When we use sock4 with the chrome browser, it works as expected:

chromium-browser --proxy-server='socks://100.100.100.100:53425' https://ipinfo.io/json

Limitations of http/s proxies

There are a couple of security issues with http/s proxy servers. It is also possible to detect that a browser reroutes their traffic through a proxy. For example, the module apifytech/proxy-chain deletes the following headers:

const HOP_BY_HOP_HEADERS = [
    'Connection',
    'Keep-Alive',
    'Proxy-Authenticate',
    'Proxy-Authorization',
    'TE',
    'Trailers',
    'Transfer-Encoding',
    'Upgrade',
];

Since the Upgrade and Connection headers are used in the establishment of websocket connections, the chrome browser won't be able to use websites that require websockets.

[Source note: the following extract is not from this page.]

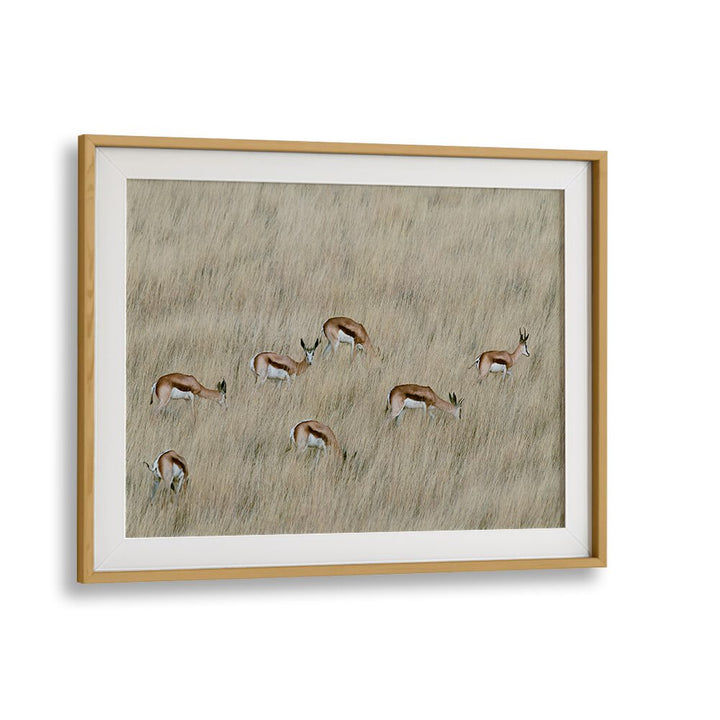 Stunning wildlife captured in WE ARE SPOTTED, PHOTOGRAPHY PRINTS, showcasing graceful antelopes in tall grass.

This can easily be confirmed by testing with this script:

const puppeteer = require('puppeteer');
const proxyChain = require('proxy-chain');

(async() => {
  const oldProxyUrl = 'http://proxyuser:proxypassword@100.100.100.100:3128';
  const newProxyUrl = await proxyChain.anonymizeProxy(oldProxyUrl);

  const browser = await puppeteer.launch({
    headless: false,
    args: [`--proxy-server=${newProxyUrl}`],
  });

  // Do your magic here...
  const page = await browser.newPage();
  await page.goto('https://www.websocket.org/echo.html');

  // oh wait a minute
  await page.waitFor(60000);

  await browser.close();
  // Clean up
  await proxyChain.closeAnonymizedProxy(newProxyUrl, true);
})();